Monday, November 4, 2013

Numbers



    In the realm of Azeroth we seem to be surrounded by numbers.  They are everywhere.  Item level, character level, DPS, there is no escaping numbers.  Numbers can be a good thing, but they can also be abused.

   Let’s take the pet score.  This may be a number you are not familiar with.  Wowprogress is a site that ranks all kinds of things, realms, and characters by item level, guilds by progression and more.  One of the rankings on this site is something called a pet score.  Without knowing anything about how the site makes a ranking determination you could make all kinds of assumptions.  You might assume that the number of pet battles or the number of PvP battles you have one might be factored into computing this score.  One assumption I made was that the number of pet related achievement points was factored into this score.  The other day I found out I was very wrong in my assumption.

   In my guild, is a shaman, Wildsong by name.  She is (or was) the undisputed pet champion.  If it’s a collectible pet, she has it.  She has the Ethereal Soul Trader; she has the various rare drops from throne of thunder.  She has over 500 unique pets.  In checking her ranking, she is first in the guild and fifth on the server for pet score.  This, of course makes perfect sense.  It did until the other day.

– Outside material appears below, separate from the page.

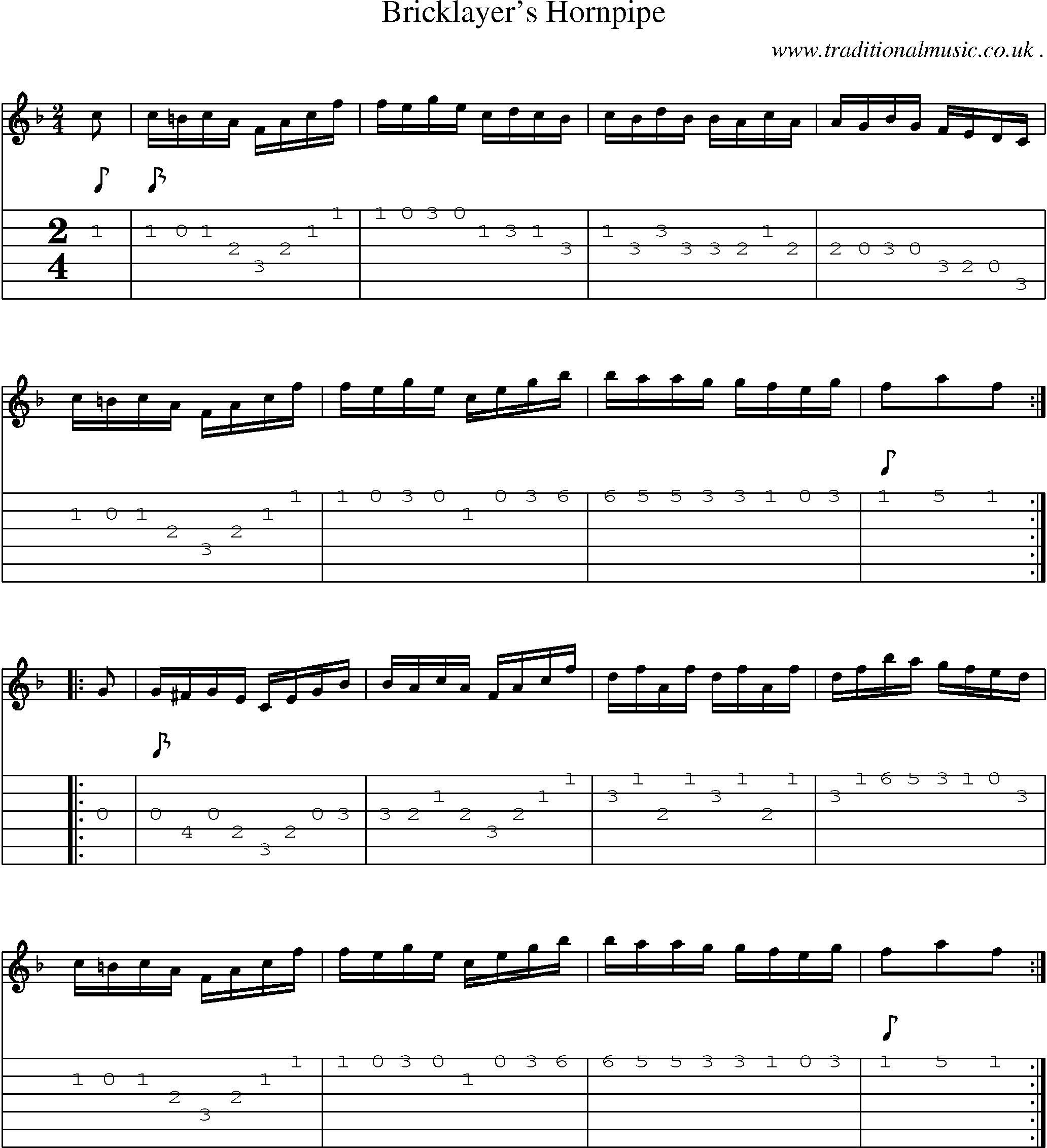 Sheet-Music and Guitar Tabs for Bricklayers Hornpipe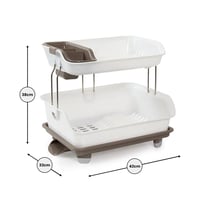 صفاية أطباق حوض المطبخ بلاستيك بني / أبيض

   I am online the other day, plodding about and an achievement toast comes up in guild chat.  “Wildsong has earned the achievement Taming the World”.  Along with that toast was another one announcing she had defeated Grand Master Aki.  I was stunned.  I got the tamer achievement a long time ago.  I would have figured Wildsong did too.  I congratulated her on her achievement and took the time to ask how the Celestial Tournament was going for her.  Her response was that she had not yet beaten it, but now that she had beaten the tamers in Pandaria, she had hope and confidence.

   I thought it would have gone without saying that she would have beat not only the Pandaria tamers, but the Tournament as well, based on her pet score and ranking.  I have managed to beat the Tournament five times now.  I have two of the reward pets to prove it and am working on the third.  My ranking is second within the guild and ninth on the server.  Apparently these scores and rankings followed some logic I was not familiar with.

   I looked into exactly how WoWprogress computes these numbers.  They do it based solely on the number of pets you have, the level of said pets, and the quality (rare, uncommon, etc…) of said pets.  For instance a level 25 rare pet is worth is worth 62.10 points.  The same pet as an uncommon is worth 57.32 points.  A rare level 23 pet is worth 51.96 points.  It is entirely feasible that a player could never fight any tamers and simply accumulate a huge collection of wild pets from Pandaria and have a huge score.  Fill up all 1000 pet slots with bandicoons and marsh fiddlers and level them to 25 and you too could have a high pet score and ranking.  Let’s do the math.  If I decided to capture every wild pet in Pandaria with a quality of uncommon or rare, and then level them to 25 I am quite sure I would be first on my server.  Let’s assume that I wind up with 75% uncommon (750 pets) and 25% rare (250 pets).  My pet score would then be 750*57.32 (this equals 42,990) plus 250*62.10 (this equals 15,525.  My total pet score would be 58,515.  By way of comparison, the number one pet score on my server is 17,088.  The number one slot in the entire US has a score of 36204.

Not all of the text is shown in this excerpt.